I in the Eye said:
Could the NHL provide the individual teams with 'suggested player values' (regardless of what economic system is agreed to in the CBA)?
The NHL can't do anything to suppress wages without the union's blessing. Nothing. Nada. I suppose they could do this if everyone ignored the suggestion. If the suggestion had a real impact, it is illegal.
That way, even in a 'free market system', the individual team GM's (and owners) have a 'suggested' benchmark when negotiating contracts with player agents- based on what the NHL and the team's peers value the player to be worth... i.e. interpretation of 'player value' no longer becomes just an individual GM/team decision - but the GM/team is armed with the knowledge of what the NHL and the other teams think the player is worth as well...
Everybody already does that.
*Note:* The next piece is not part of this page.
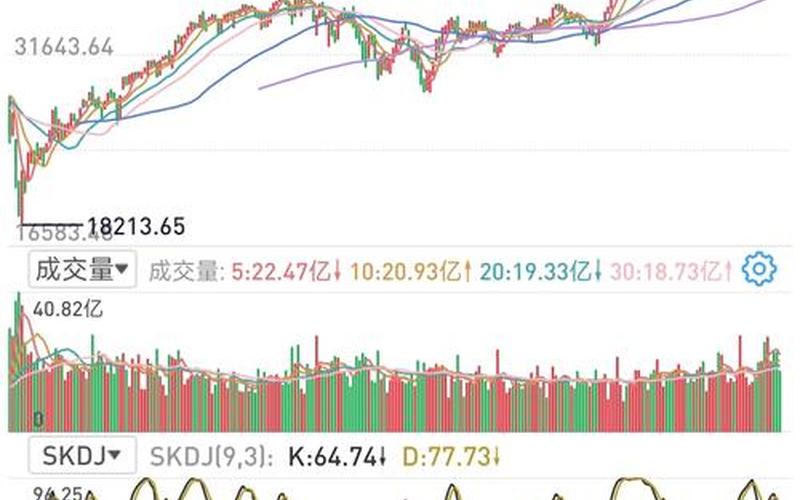 2020股市会到多少点-第1张图片-金银屋 2020股市会到多少点-第1张图片-金银屋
One of the myths perpetrated by the NHL is that different teams value different players differently prior to the date the player becomes a UFA. The benchmark is the salary paid to similar players around the league.
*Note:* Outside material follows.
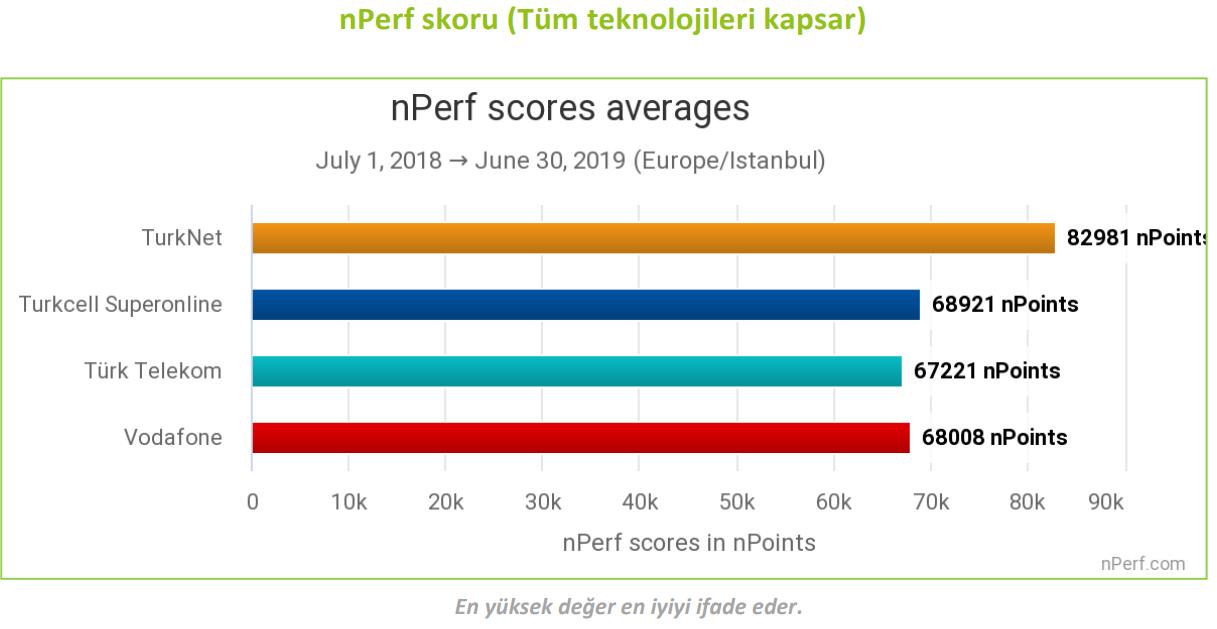 İndirme hızında en hızlı interneti Turknet, yüklemede Turkcell sundu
A player like, say, Simone Gagne is worth a lot more in Philadelphia than in Edmonton in the sense that the Flyers will generate more revenue with him and they can afford to pay more. But they do not pay more for him. That would be very silly. They do not pay more for Gagne than they have to pay for him.
The Flyers have exactly the same leverage over the player as the Oilers do. They pay what the market says they should pay. If Gagne went to arbitration, the Flyers can enter Oiler contracts to support their case. Gagne's agent can't reject those contracts because he is worth more in Philly than in Alberta.
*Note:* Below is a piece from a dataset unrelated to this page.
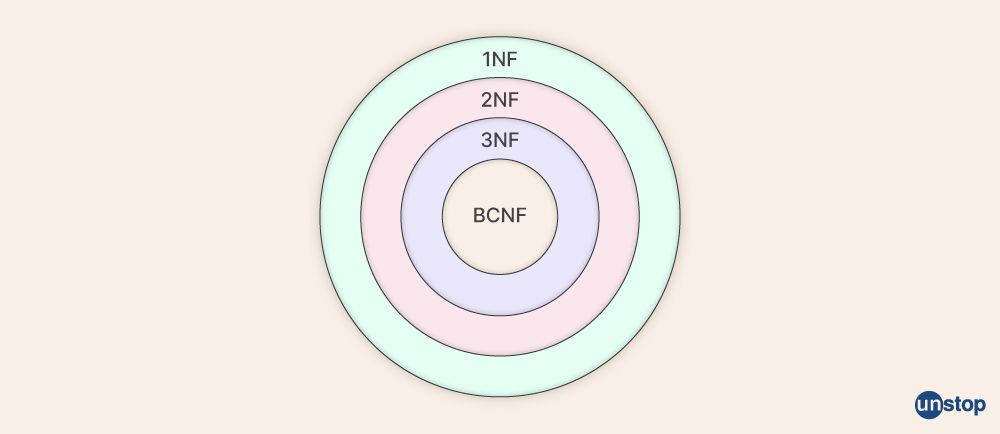 Different types of normalization in DBMS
Even if the Rangers pay Holik $9 million, the Rangers (and the rest of the teams) know that the NHL and the other teams value Holik to be $3.5 million, for example. Next season, if Holik plays terrible, the NHL and the owners 'suggested player value' for Holik goes down to $2 million - even though he is still being paid $9 million... Is this legal?
Once Holik becomes a free agent, comparables are meaningless. Holik did not get $9 million because LeClair and Sundin get that or because Guerin got that. He got $9 million because there was another team offering $8.75 million.
At that point in his career, at least 20 teams would not have paid him even $3 million. The Canucks were grooming Artem Chubarov for Holik's role. They were prepared to lose games paying Chubie $800,000 they might have won paying Holik $3 million. When the team is 20 points from a playoff spot, it is stupid to pay $2.2 million extra to miss the playoffs by 10 points. Even if he was already a Canuck they would not retain him because a team that is 20 points from a playoff spot is always better going with a young player than with a veteran in decline.
The Rangers - foolishly - thought Holik could be the difference between making the playoffs and missing them. In their spreadsheet that made him worth at least $9 million. Whatever they decided he was worth, they would have paid less if they could have paid less. If Holik's second best offer was $4.75 million, he is making $5 million today.